Task item:
Copying rule for the data below: pictures stay out, and only the lines from the one with "Cyklosvítilna Knog přední" down to the one with "Hagler Hearns Classic", inclusive, are repeated exactly.

** Opening Records to use block **

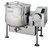 Cleveland KGL60 60 Gallon 2/3 Steam Jacket Kettle - 190,000 BTU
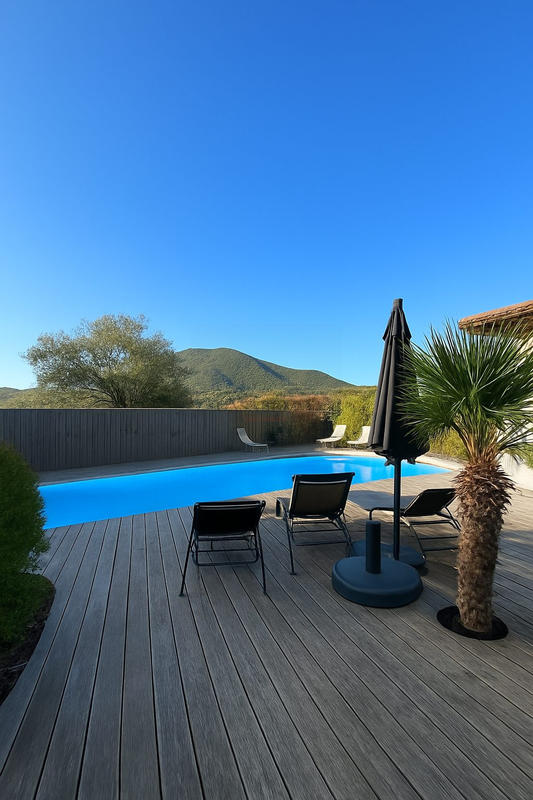 Villa - 179 m² - 7 pièces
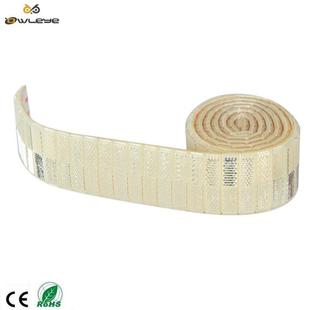 卷状射片路可反粘成诱导标/箭头标也可粘在边CXI护车栏或上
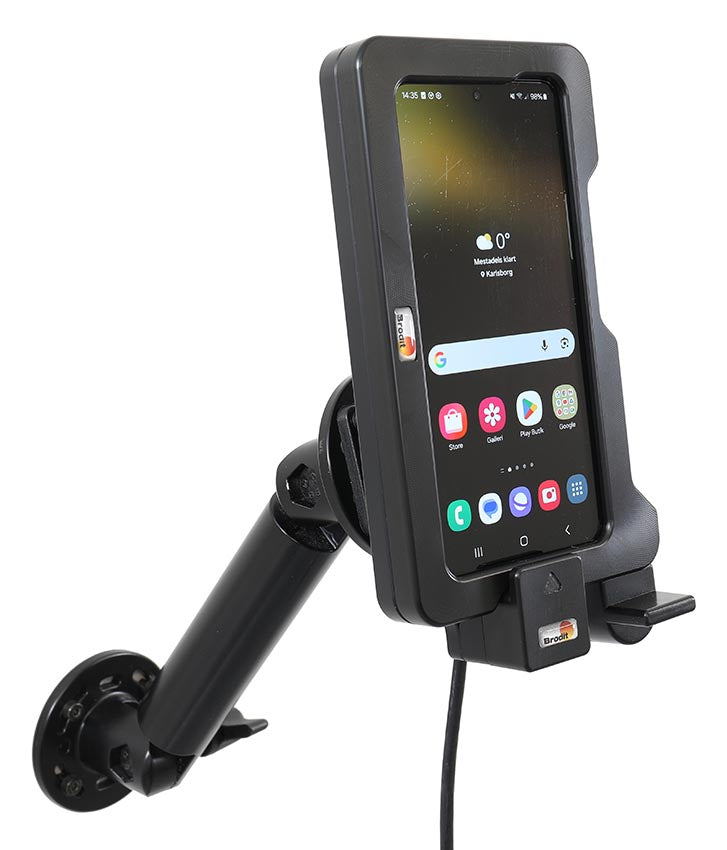 Brodit houder voor Samsung Galaxy S22 5G SM-S901B/SM-S901B/DS | 217201 - productfoto 8
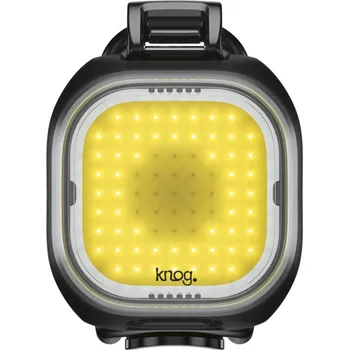 Cyklosvítilna Knog přední blikačka Blinder Mini - Square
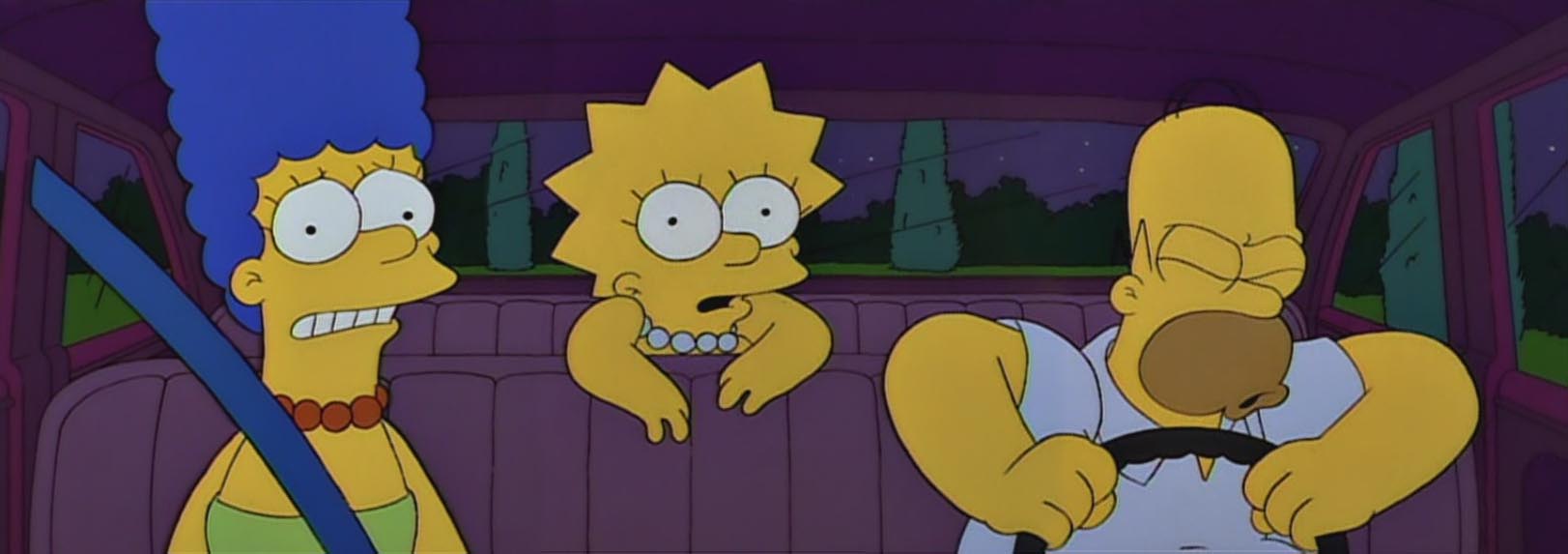 ¡D'oh! ¡Un ciervo! ¡Un ciervo hembra! Actualidad Simpson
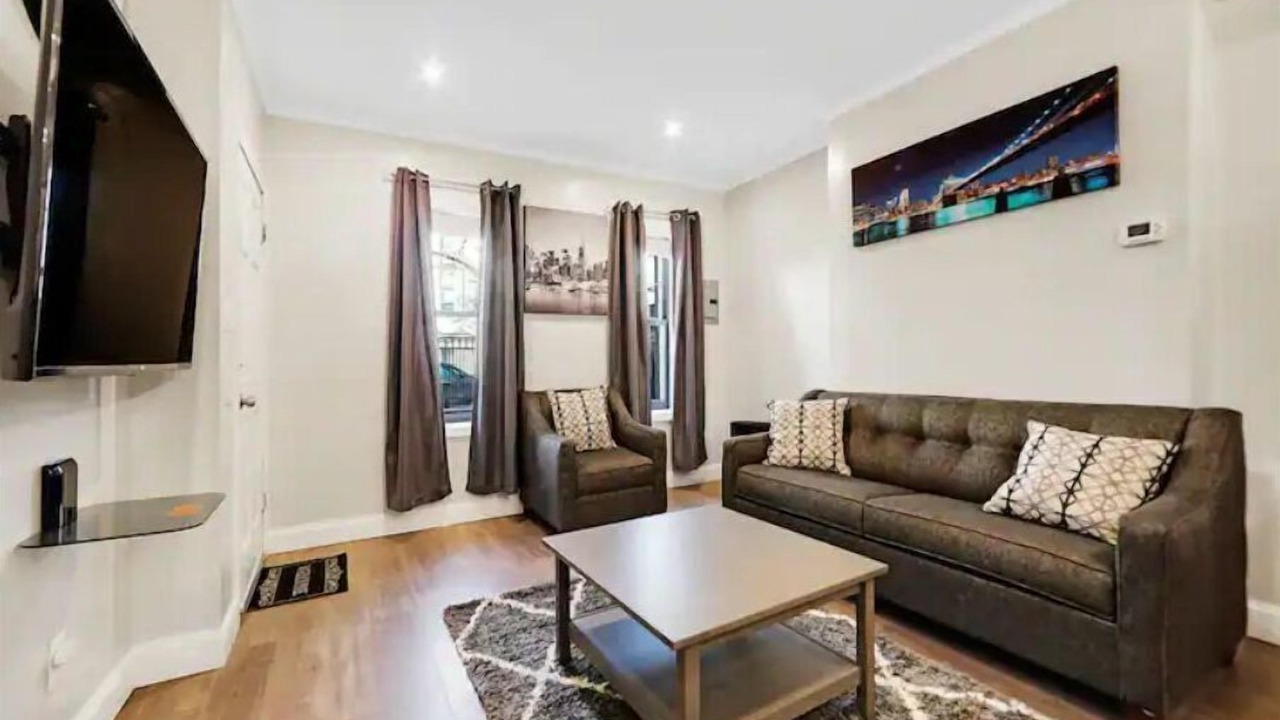 Photo of Livingroom in Bushwick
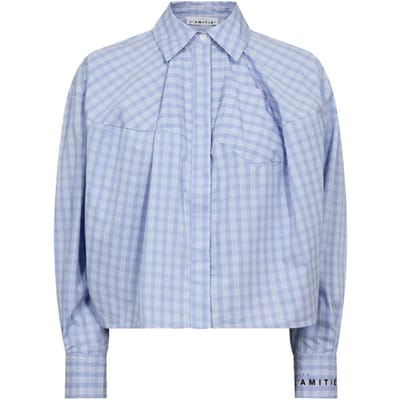 Haute L'Amitié Blouse lange mouw hl10746 sophie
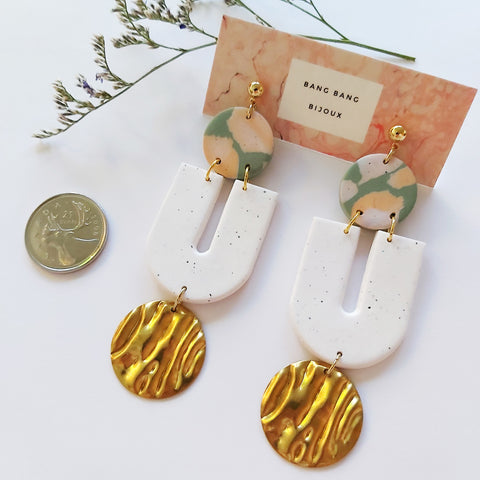 Clay Classics Earrings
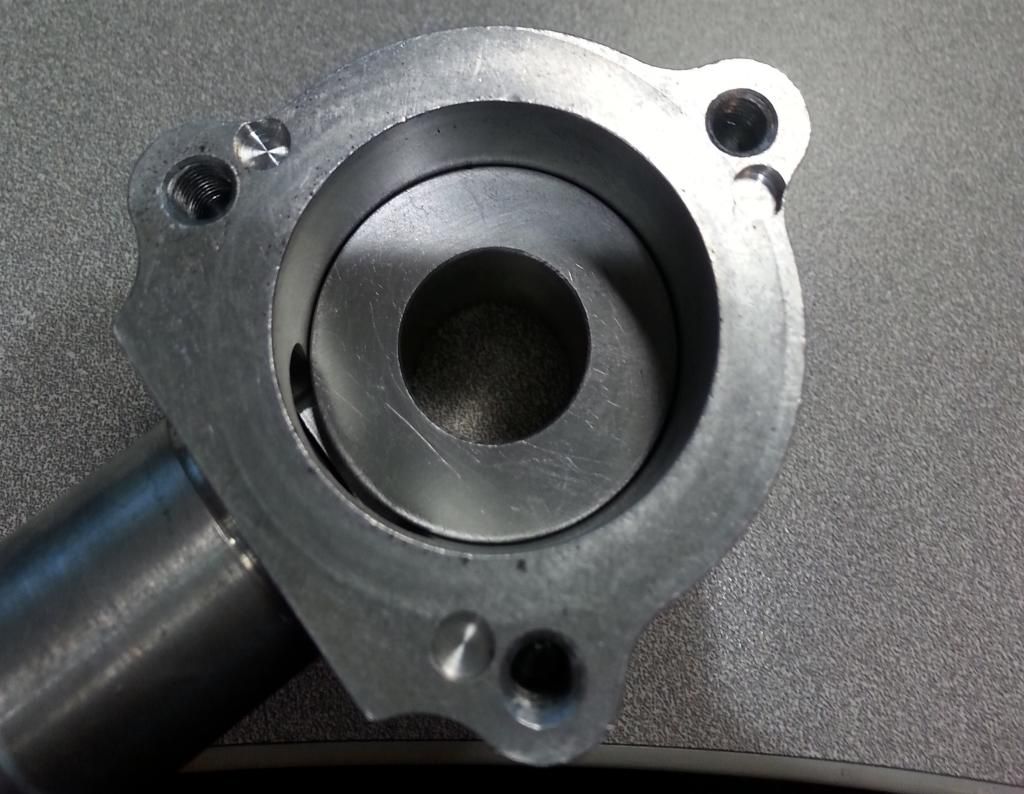 FS ATP Diverter Valve Relocation Adapter VW GTI MKVI Forum / VW Golf R Forum / VW Golf MKVI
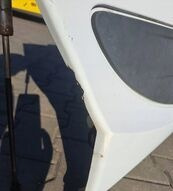 Renault Midlum - Capot pour Camion: photos 2 Renault Midlum - Capot pour Camion: photos 2
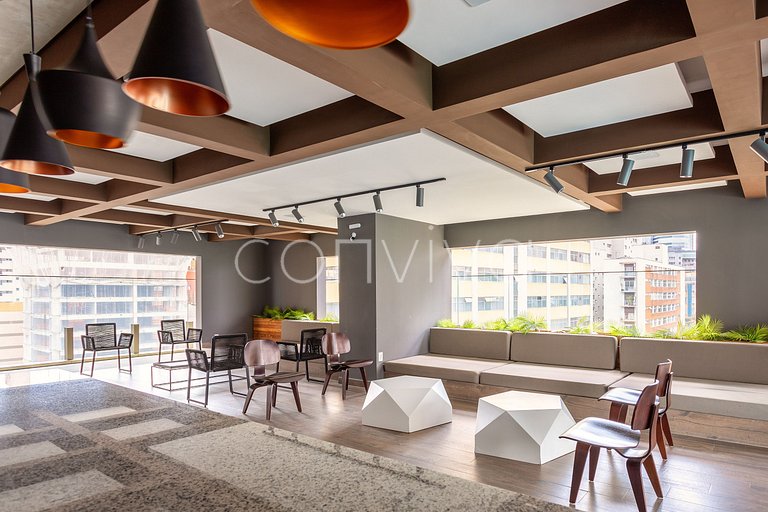 VNCV0611 Design contemporâneo | Pinheiros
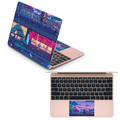 Apple MacBook Ramen Village Skin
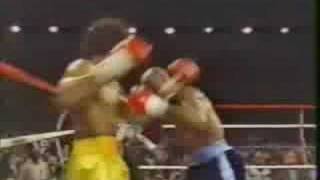 Hagler Hearns Classic Tribute [upl. by Sarine]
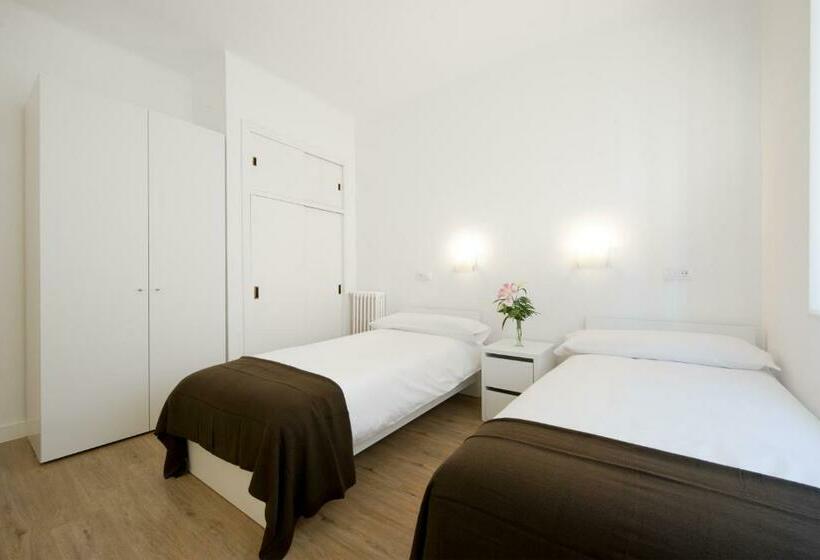 اتاق استاندارد, Neomagna Madrid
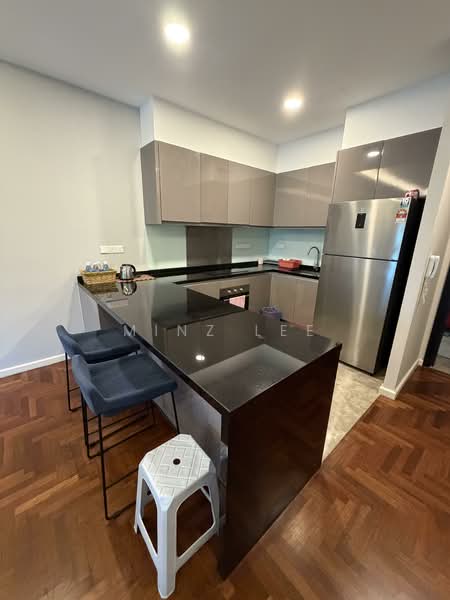 Service Residence for Sale at Vista Residences - Minz Lee - Kitchen - PropertyGuru.com.my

** Closing Records to use block **

Solved exercise:
 Cyklosvítilna Knog přední blikačka Blinder Mini - Square
 ¡D'oh! ¡Un ciervo! ¡Un ciervo hembra! Actualidad Simpson
 Photo of Livingroom in Bushwick
 Haute L'Amitié Blouse lange mouw hl10746 sophie
 Clay Classics Earrings
 FS ATP Diverter Valve Relocation Adapter VW GTI MKVI Forum / VW Golf R Forum / VW Golf MKVI
 Renault Midlum - Capot pour Camion: photos 2 Renault Midlum - Capot pour Camion: photos 2
 VNCV0611 Design contemporâneo | Pinheiros
 Apple MacBook Ramen Village Skin
 Hagler Hearns Classic Tribute [upl. by Sarine]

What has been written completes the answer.